'''

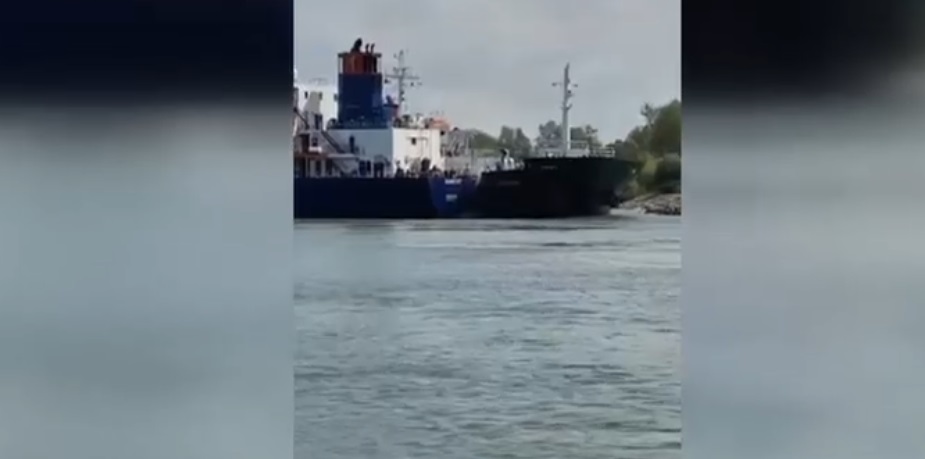 Două nave s-au ciocnit pe Canalul Sulina. Imagini cu momentul impactului
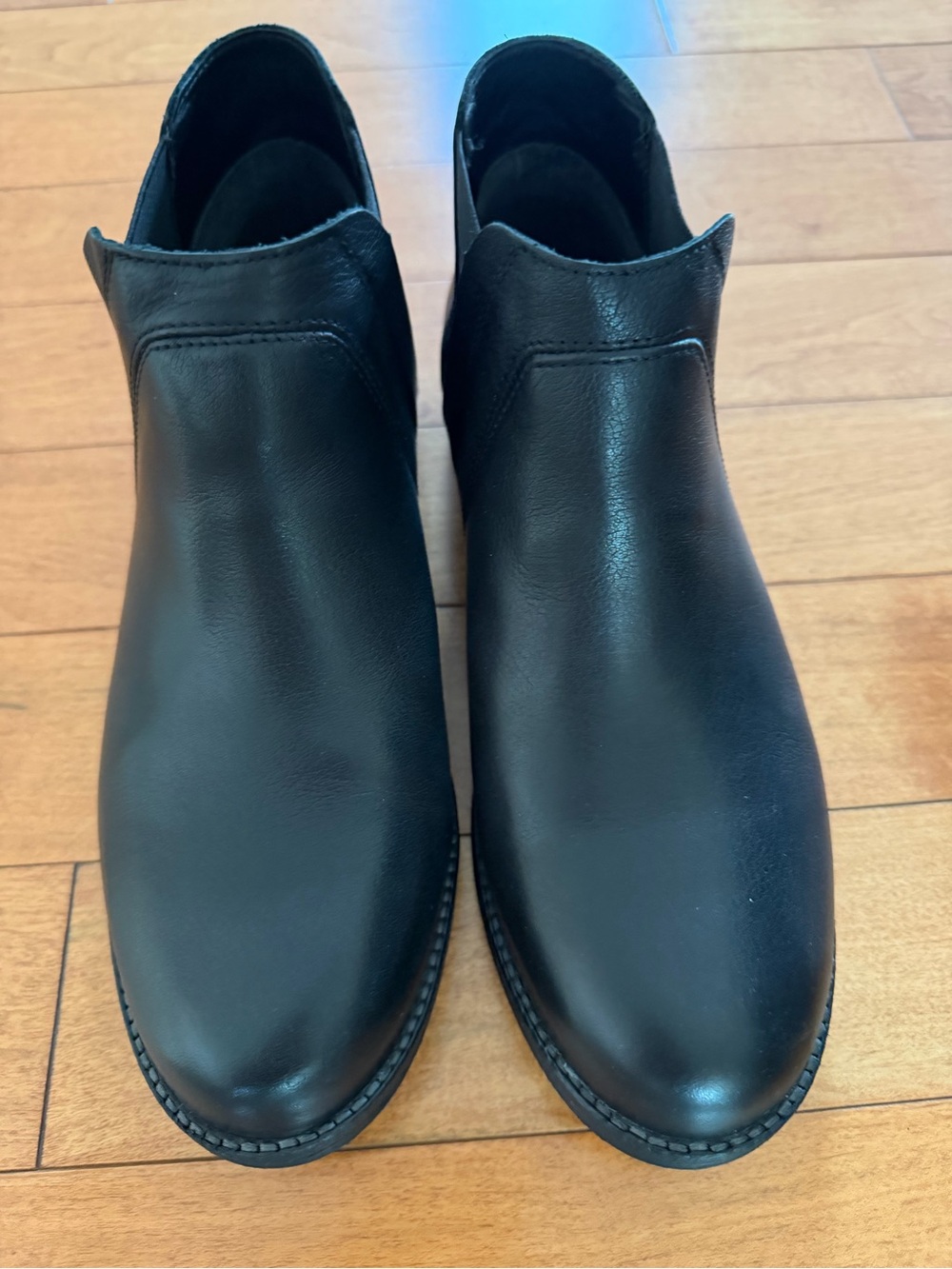 Clarks Women’s Demi Beat Ankle Boots in Black Leather size 10 New in box!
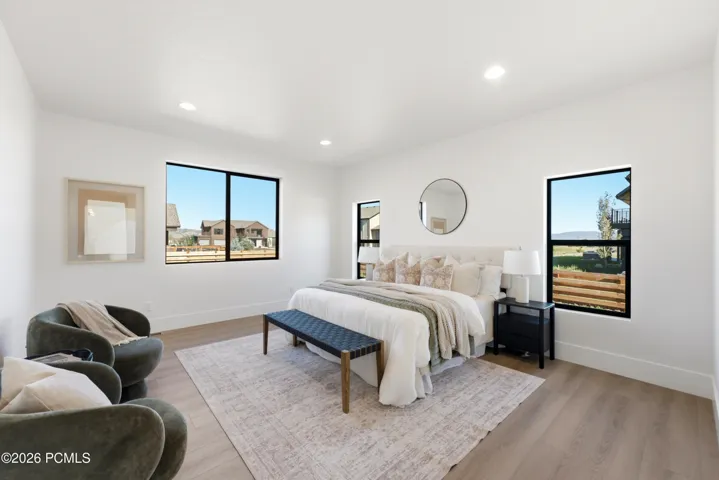 Main level owner suite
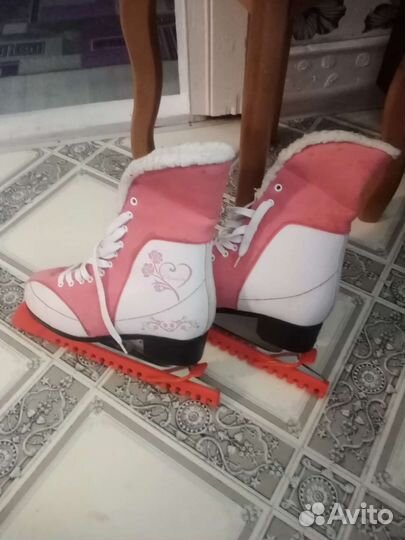 Коньки фигурные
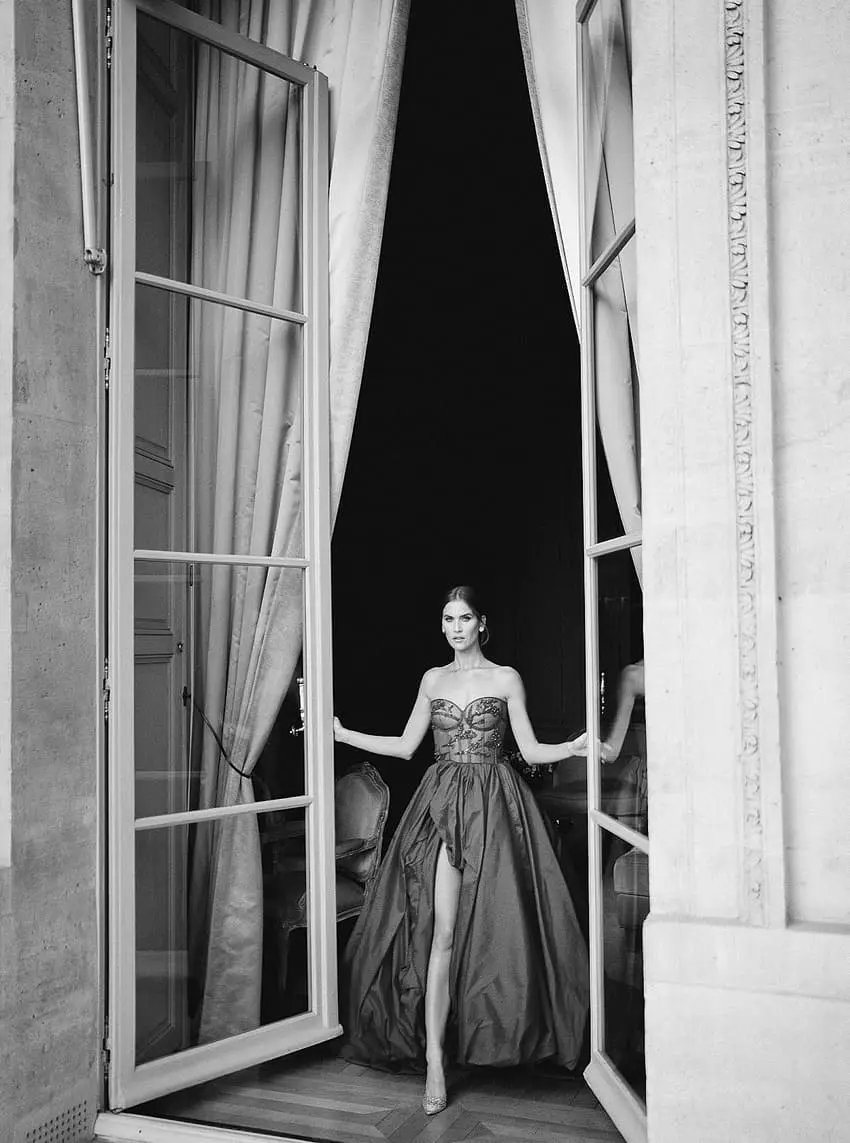 Hôtel de Crillon Paris pre-wedding Shooting par Audrey Paris Photo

'''

From the line containing "Clarks Women’s Demi" down to the end of the listing above, every line is to be returned exactly, though the pictures are not.

 Clarks Women’s Demi Beat Ankle Boots in Black Leather size 10 New in box!
 Main level owner suite
 Коньки фигурные
 Hôtel de Crillon Paris pre-wedding Shooting par Audrey Paris Photo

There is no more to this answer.